Ministerial interference in company law is a real concern
ANGLO watchers have yet another oddity to chew over. This time it's news that neither depositors nor borrowers will be named when a statement of affairs is belatedly prepared for the bust bank.
The names might have been expected in a routine document that is prepared by all companies that go into liquidation.
However, Finance Minister Michael Noonan has intervened to make sure that neither set of names will appear.
The secrecy will have conspiracy theorists in conniptions. It does not help that the statement of affairs is being prepared seven months late – thanks to an earlier ministerial order.
There are usually no qualms about naming debtors and creditors when such filings are prepared by bust companies.
The idea behind a statement of affairs is that the directors draw up an exhaustive list of its assets and debts just before the point of liquidation.
Access to the document allows everyone involved to clearly see their place in the queue of who gets paid and how that ranking has been arrived at.
It allows basic calculations to be done about what level of debt will actually be paid back.

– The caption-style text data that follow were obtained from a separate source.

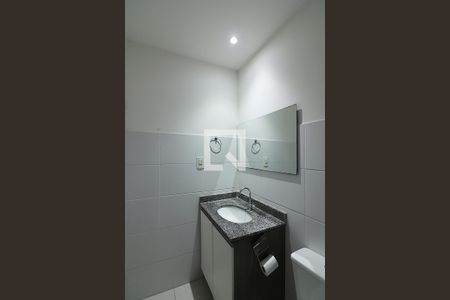 Apartamento à venda com 56m², 2 quartos e 1 vagaBanheiro Social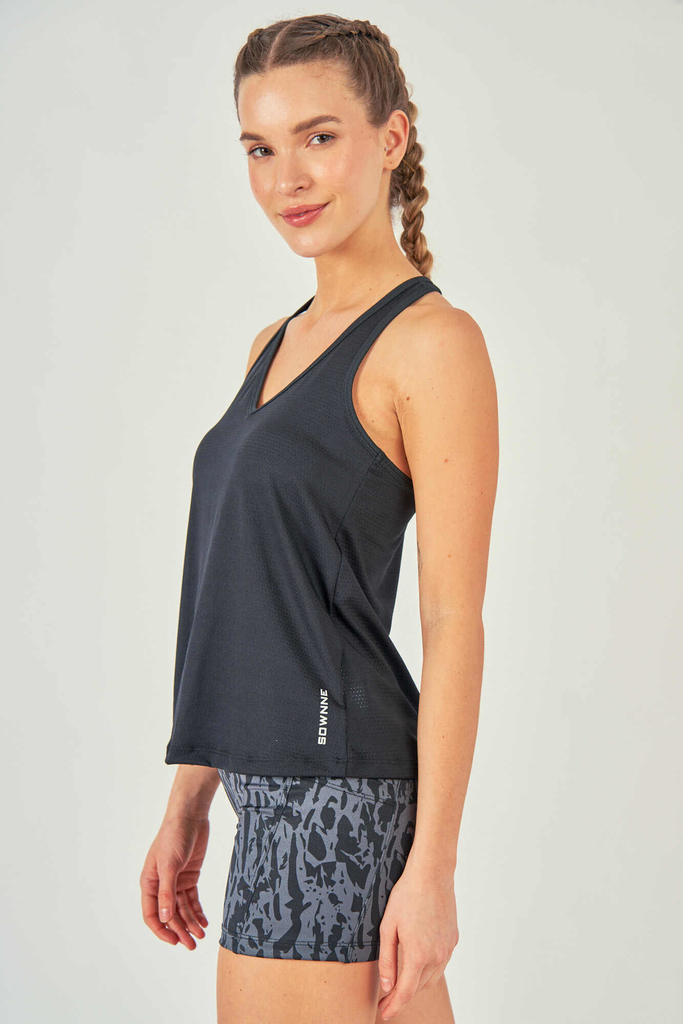 Musculosa Future Icons Sownne Comprar en Roca Plana
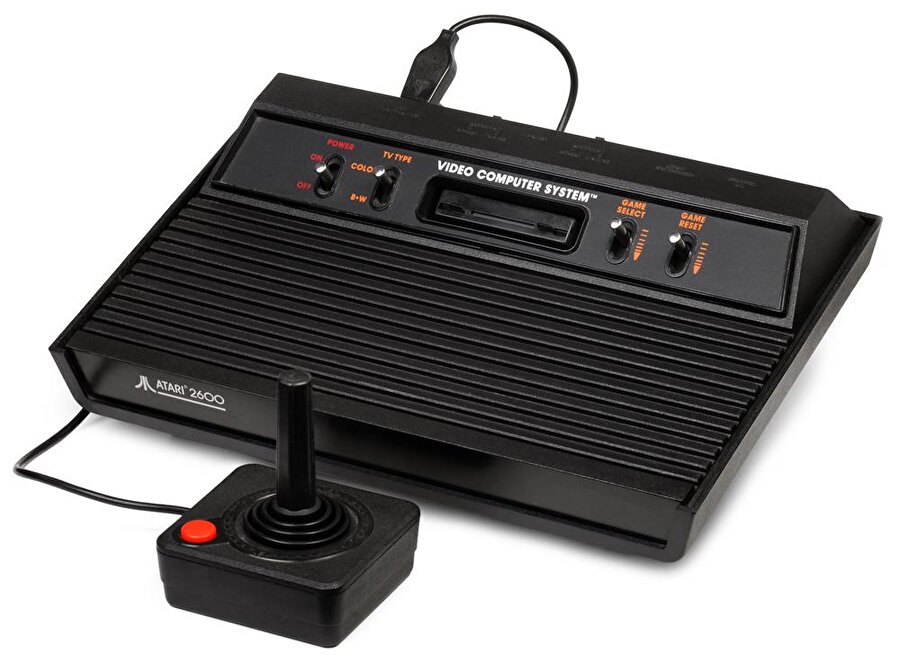 Atari
Atari salonlarına gitmeyen bir nesil yetişiyor. 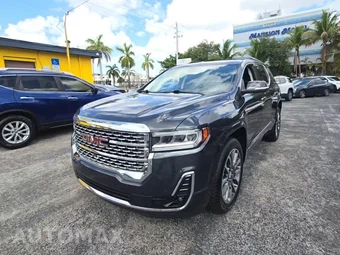 2021 GMC Acadia Denali 5SA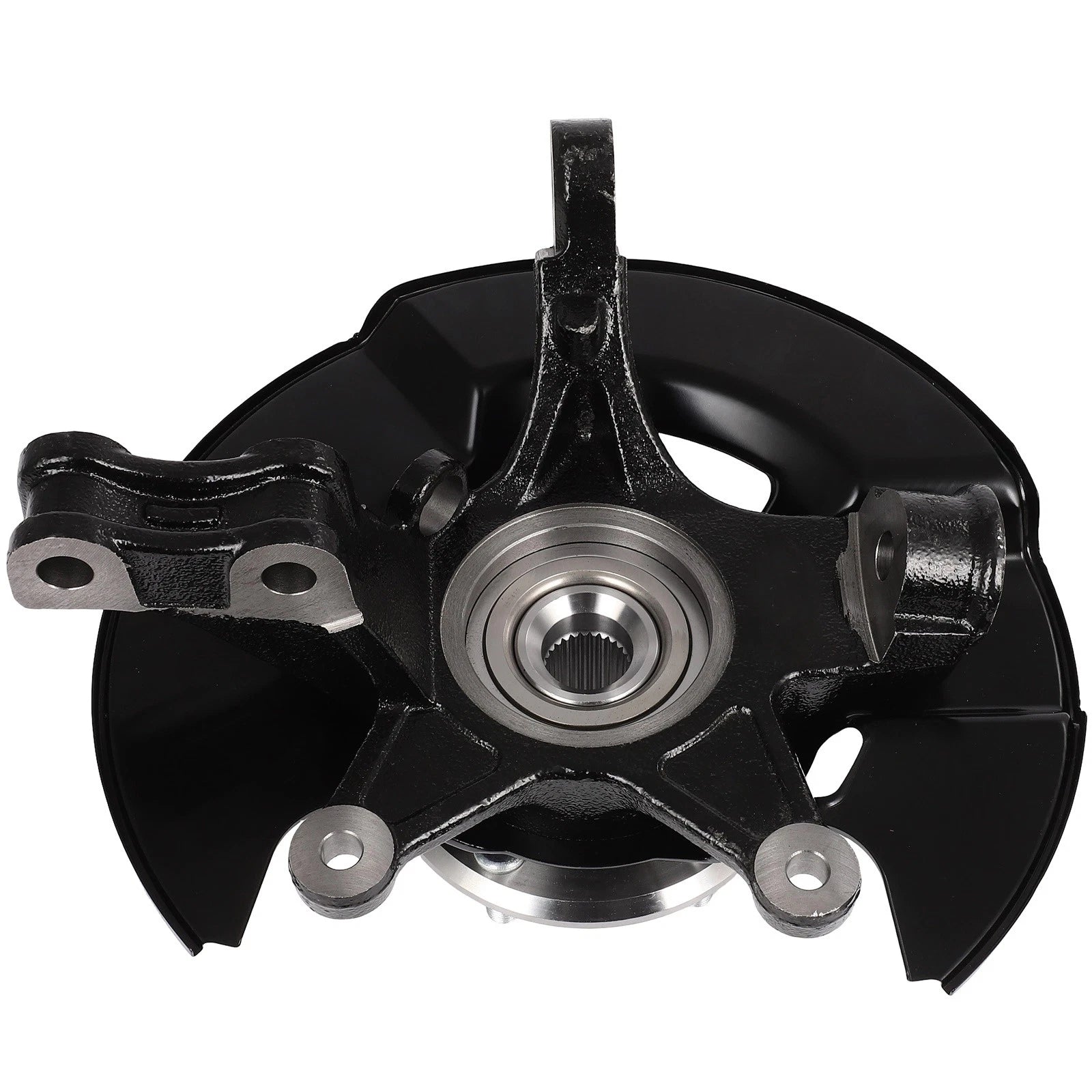 Front Right Steering Knuckle Wheel Bearing Hub for Honda Pilot (2003–2004)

And there is a strong argument that such transparency goes a long way to assuage doubts about the legitimacy of a liquidation.
Such transparency won't be there for Anglo – despite it being the most calamitous corporate collapse in Irish history.
When its statement of affairs is finalised, we'll see how much is owed to the bank, just not by whom.
We'll know how much it held on deposit, but not whose money it held.
Transparency has been sacrificed to protect the privacy of the bank's customers.
There are solid arguments as to why the exception has been made in this case.
A company statement of affairs is not a published document; in most cases, it is only ever available to those directly affected by a company collapse.
In Anglo's case it is not realistic to believe the document won't make it into the public domain.
On the other hand, the €30bn cost of shutting Anglo remains the single most costly aspect of the bailout.
Many among the public will be concerned by both the secrecy and even more so by the constant ministerial tweaking of company law to facilitate the bank's closure.
That final aspect of the case, and the lack of public debate, should be the real cause for concern.